Our results confirm the existence of environmental risk effects, because children living in the highest risk environments made the first error sooner than those living in low-risk environments. We also found an interaction between environmental risk and cocaine exposure. As expected, unexposed children in the lowest risk environments had the best performance on the task, because they successfully completed more trials before making an error. Cocaine-exposed children living in low-risk environments were faster in making the first error than unexposed children living in the same environment. Unexpectedly, however, cocaine exposure was not related to Contrary Tapping performance among children in high-risk environments, suggesting that environmental conditions may play a more important role than cocaine exposure for children in such high-risk environments.
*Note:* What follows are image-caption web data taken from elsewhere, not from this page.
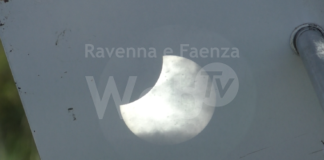 In tanti ad osservare l’eclisse di sole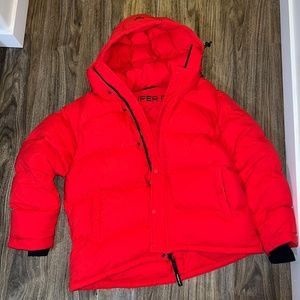 Aritzia Super Puff - XL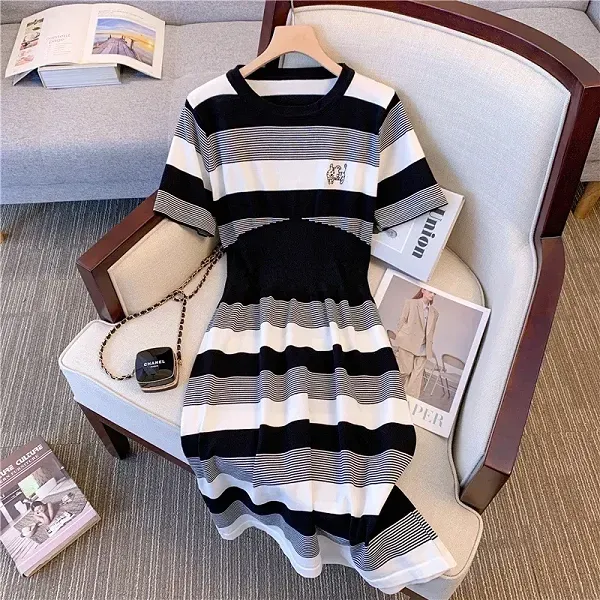 Casual Striped Design Round Neck Short Sleeve Knit Knee Length Dress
In the current study a trend also was found for gender to moderate the effect of cocaine exposure on inhibitory control. Although boys in general made errors sooner than girls, cocaine-exposed boys tended to perform the worst. The main effect for gender is consistent with the traditional view of boys as more impulsive and with other studies on the development of inhibitory control.39,50 The gender-specific effect of cocaine exposure also is consistent with previous research5,17 indicating that boys exposed to cocaine may be more at risk of poor development of inhibitory control than girls, although the reasons are still unclear.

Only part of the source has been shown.